WORK TO BE COMPLETED
Make an exact transcript of the lines in the data below, starting with the one containing "STPH Hook Mounted" and going on through the one containing "Hostal Victoria Granada Exteriör bild", with both included and the pictures left out.

DATASET RECORDS
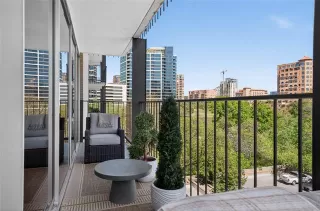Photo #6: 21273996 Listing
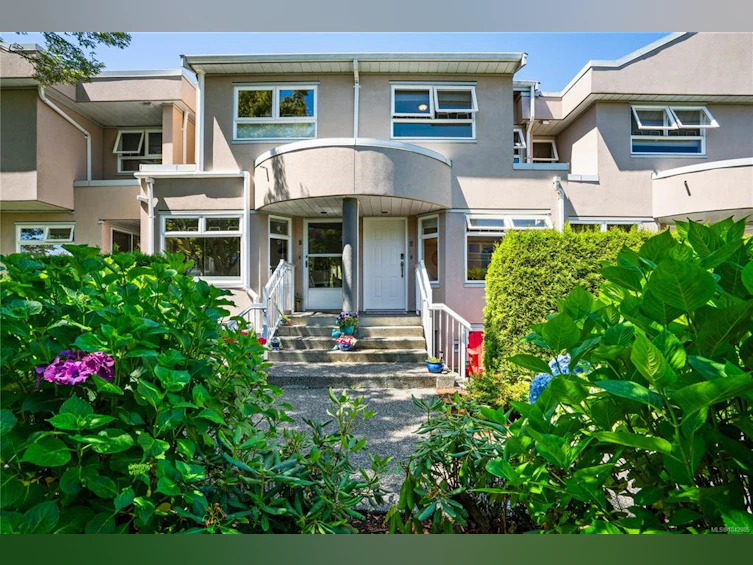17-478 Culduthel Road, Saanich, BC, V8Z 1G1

...

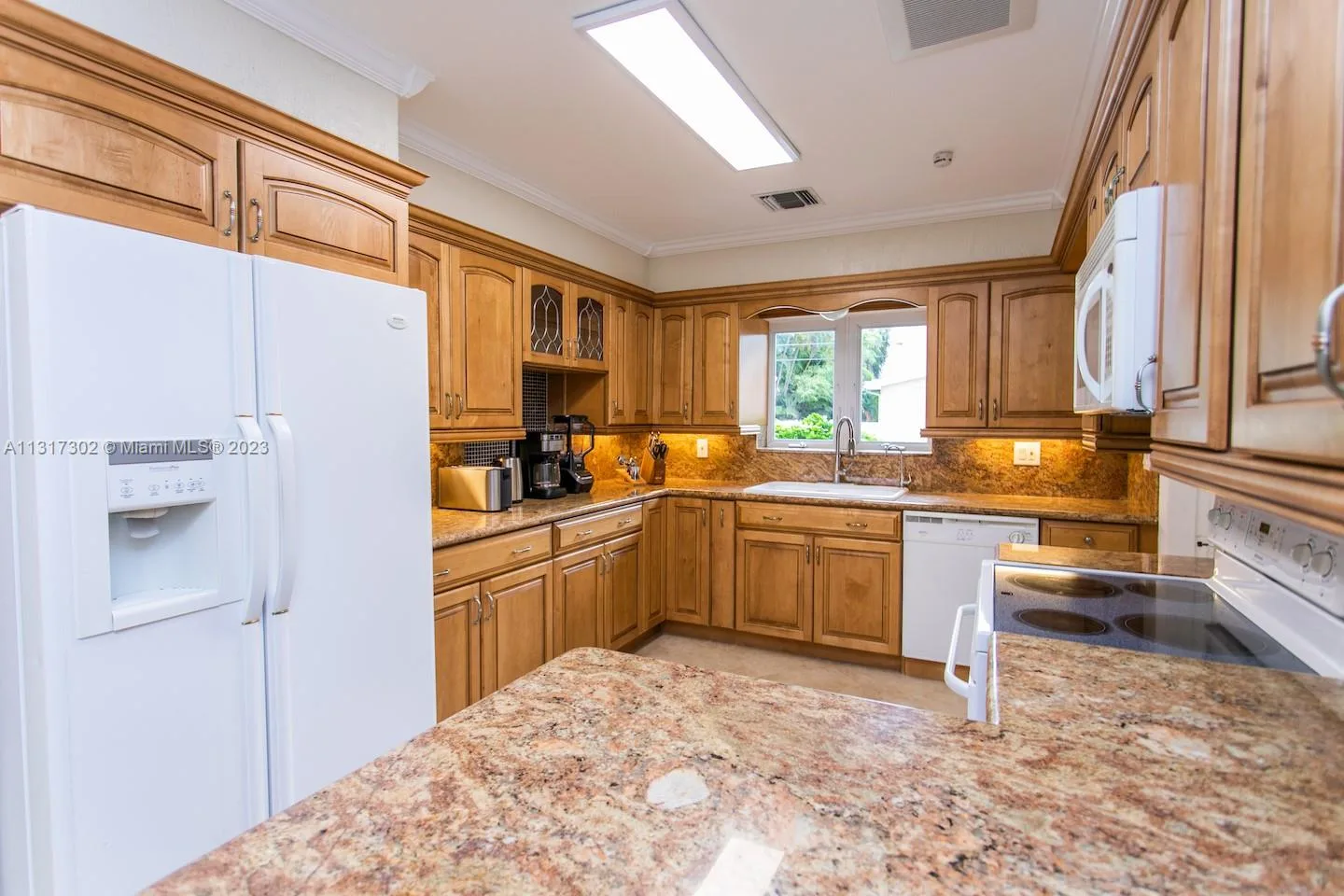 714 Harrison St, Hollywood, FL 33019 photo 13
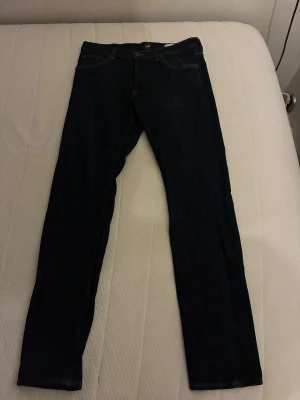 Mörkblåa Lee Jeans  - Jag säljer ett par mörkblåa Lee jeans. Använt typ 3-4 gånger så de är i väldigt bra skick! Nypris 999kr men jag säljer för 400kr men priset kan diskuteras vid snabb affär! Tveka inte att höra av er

==

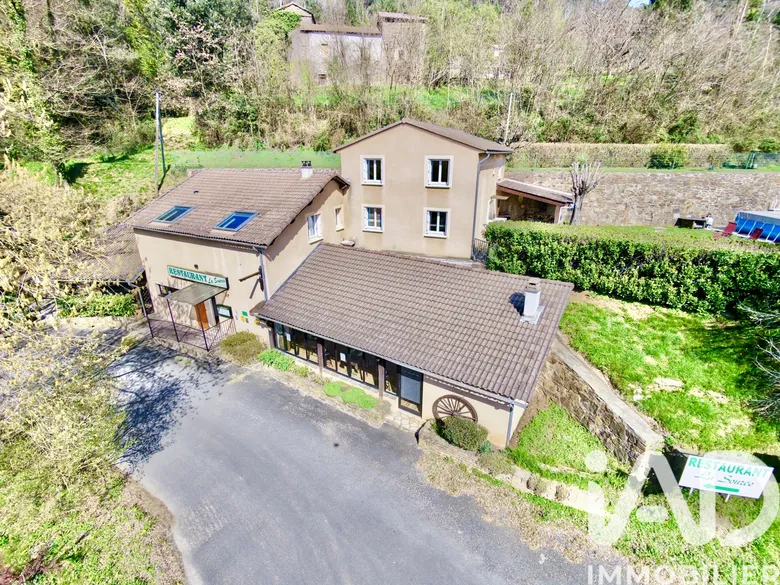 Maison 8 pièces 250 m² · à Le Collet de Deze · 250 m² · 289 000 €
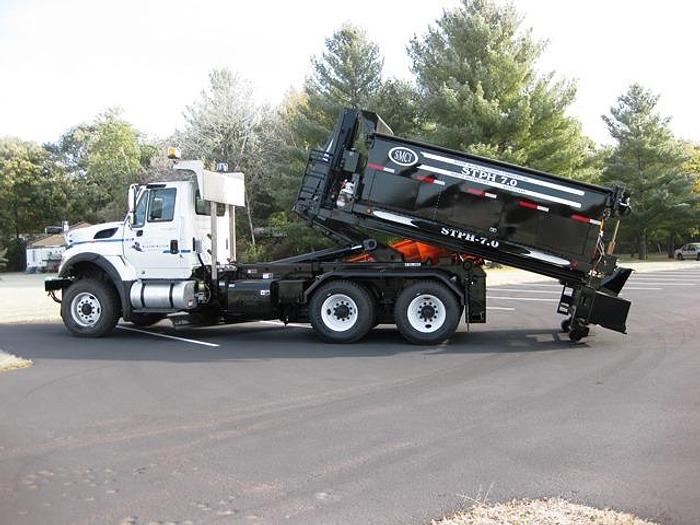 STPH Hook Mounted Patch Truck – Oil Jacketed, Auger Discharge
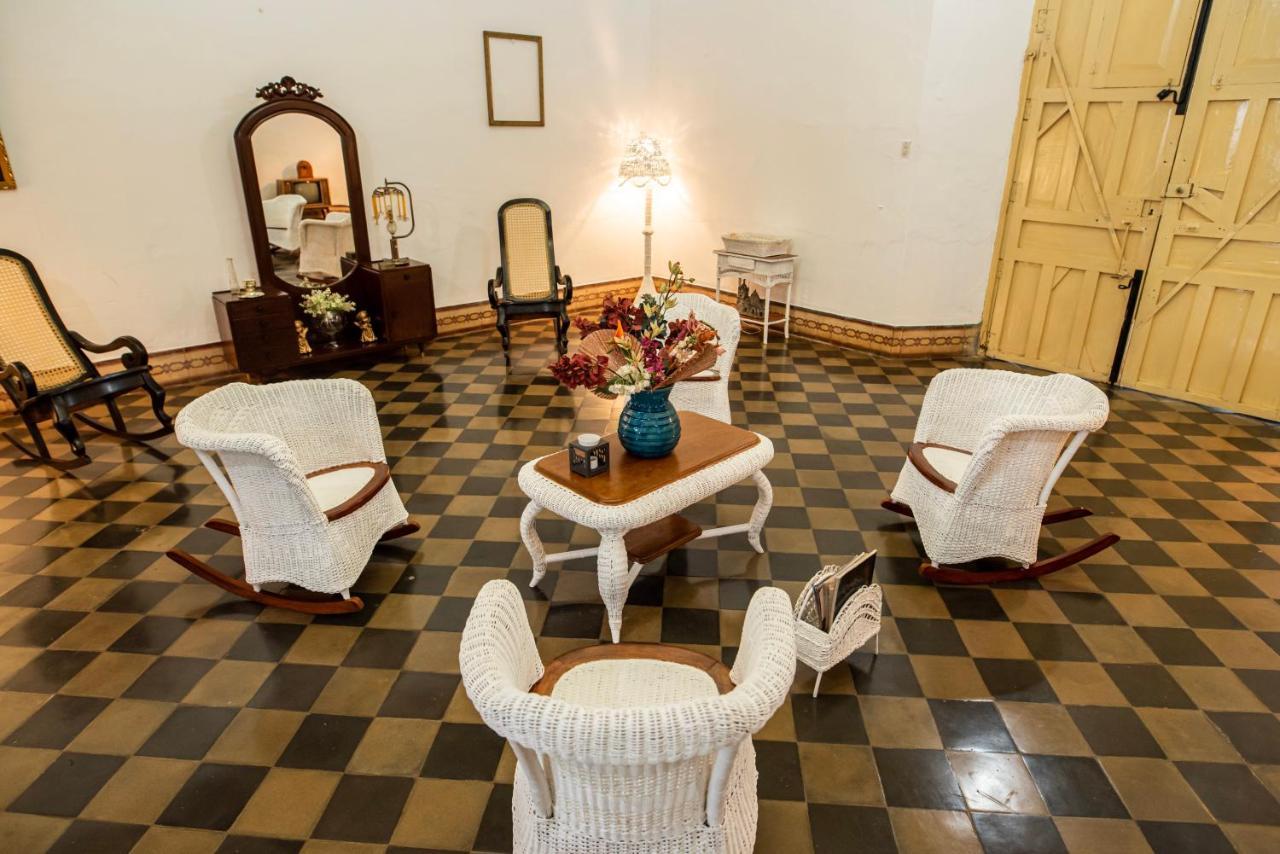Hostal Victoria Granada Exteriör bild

WRITTEN SOLUTION
 STPH Hook Mounted Patch Truck – Oil Jacketed, Auger Discharge
Hostal Victoria Granada Exteriör bild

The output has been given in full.